Yes I know, but I don't understand what you mean with mixing things. Is how a target curve also dependend on what it was measured with?
There is a measurement fixture and that has its own correction curves... just not for headphones.
Then there are 'room correction curves' for speakers as 'perfect speaker in a somewhat reverberant listening room' is how one is supposed to listen to music.
With headphones you need to correct that what the fixture alters... AND on top of that you also need to 'simulate' the response speakers would have in a room when the goal is to have headphones sound like speakers in a room.
2 different factors that are combined and form 'the curve you see in raw plots'.
Harman combined these corrections so the Harman curve you see on all those 'raw' plots (which is the signal the microphone picks up but is NOT how you hear it) and made 1 single 'target curve'. Basically that consists of the correction needed for sounds coming from a headphone + the 'speaker in room simulation' with some extra bass to compensate for the lack of tactile feel. That part is based on experiments with people playing with bass controls they could set how they preferred it.
So it consists of measurements + required corrections + preference of the majority of listeners (64%) within a tolerance band.
Like, does Harman just exist, published by harman, and is always the same, or do people have to measure harman first with their measurement rig and then measure a device against it?
Harman target is ONLY valid for measurements taken on GRAS 45CA with the modified pinna from Harman.
It is pretty close to the pinna used by Harman and what Amir uses.
There is no Harman curve for other fixtures BUT as it is known what part is the Harman preference part and the fixture part you can basically take another fixture with its correction (usually Diffuse Field intended for acoustic measurements) and 'add' the Harman preference part to it and then you have a 'Harman' target for that fixture.

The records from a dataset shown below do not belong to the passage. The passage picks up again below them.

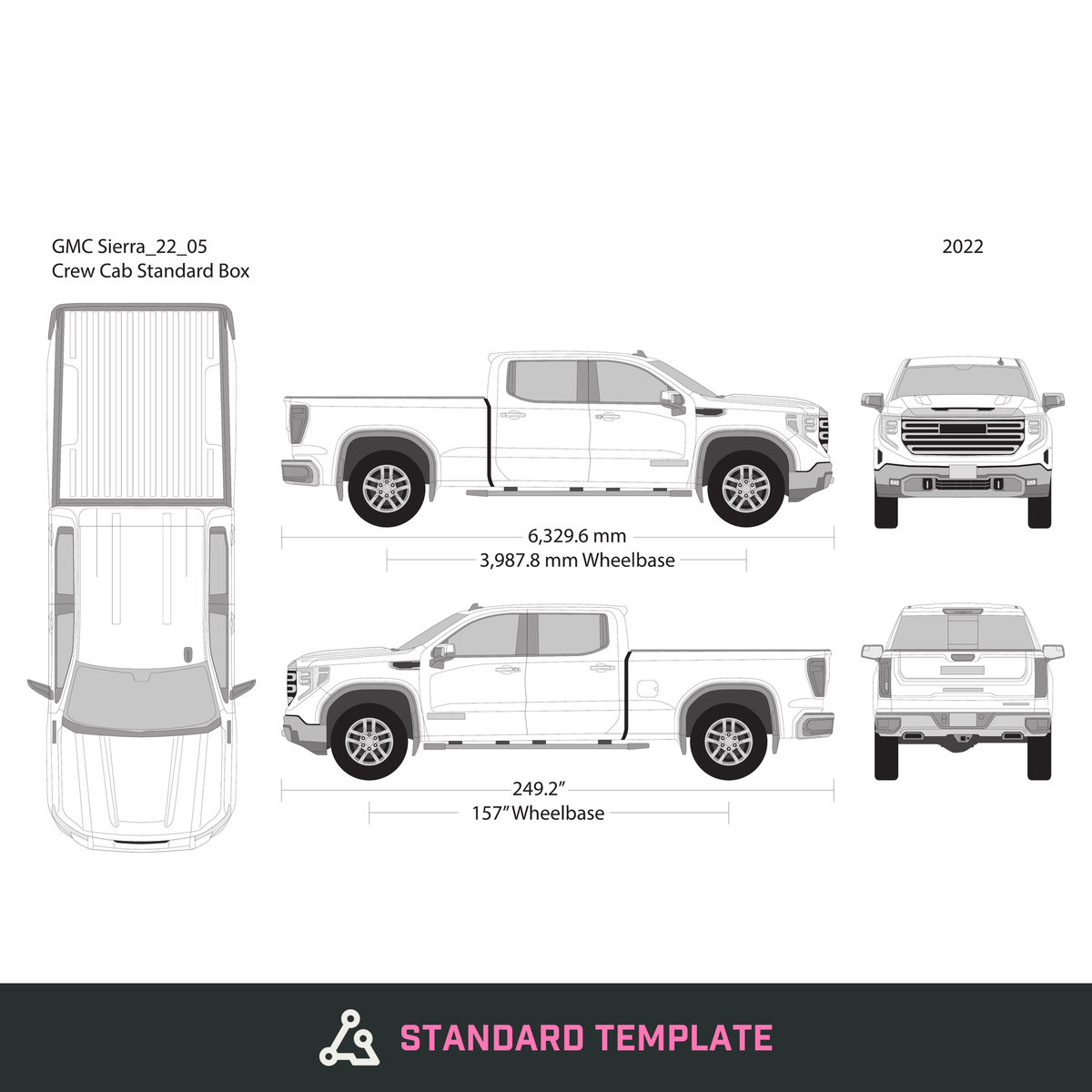 2022 GMC Sierra 1500 vector wrap template V05, Design-Ready PDF - GravBase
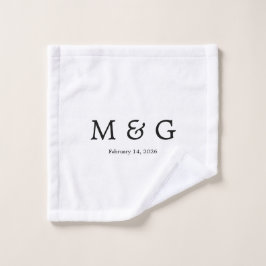 Custom Monogram and Date Personalized Solid White Waschlappen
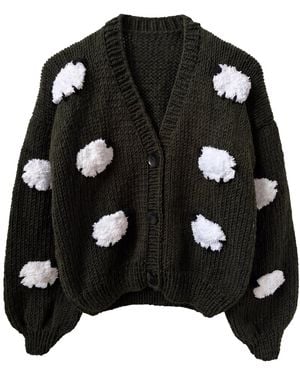 Ana Chic Sheep Motif Handmade Knitted Cardigan - Black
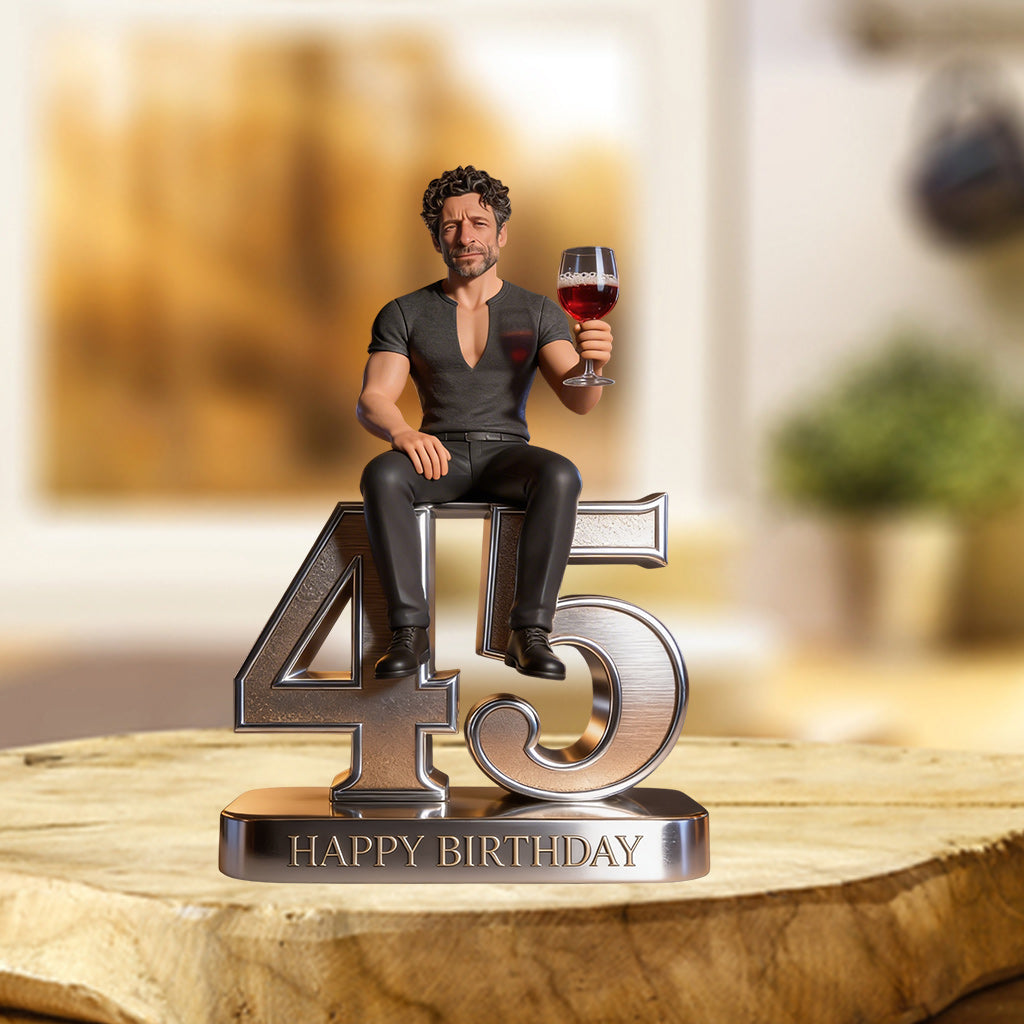 Personalized 50th Birthday Older Latina Man Custom Shaped Acrylic Plaque Gift for Dad Husband Grandpa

BUT ... again a but... it will NOT give the same results because the fixture (+ its correction) differs.
But I heard that room correction EQ can introduce new problems, and that it only works in the listening spot.
Basically yes.. In theory (and usually also in practice) you can get better sound at the listening spot.
If you ever move the table or the speakers or sit differently, it could be messed up already.
Yes, the same with headphones. If you move the positioning or seal you can change tonality.
That doesn't sound so convenient as we aren't static machines doing everything the same way every day..
It works for sound engineering when one sits in one position behind the console.
It also works for audiophiles sitting in their perfectly positioned chair.
On the other hand I heard, that Sonarworks wants 29 different measurements or so across the entire room. Maybe they do it a bit differently so that it's not too much limited to how you sit and minor changes?
Yes, this is done to come to a solution where the 'average' tonal balance in an area is 'decent to good'.
Is the dip in the HD681 problematic or something that's not much audible?
I would say EQ a similar dip into the HD650 and switch between with and without EQ and you will know.
It changes the sound a little.
In general peaks are MUCH more audible (in a negative way) than dips are.
In case of the HD681 the dip is less obvious because there are small peaks on either side which 'mask' it a bit.
I remember Adam speakers having such a dip too and Adam said it's not audible.
That dip usually is positioning dependent and caused by XO phase shift and sound origin point at the CO frequency where both drivers put out a signal but not in phase.
Different cause, different effect.
Also, why is it not adviced to boost that region? As far as I understand, with headphones this is different because it's not room cancellation and it's as well measured in every unit, so boosting it shouldn't do harm as it's not the same as fighting a real null that just gets boosted without getting much up.
A true 'null' has no signal and you can't boost what isn't there. You can boost the frequencies around it that are also affected.
Again... used the HD681 and boost that area 5dB and once do it 12dB and see what sounds correct to you.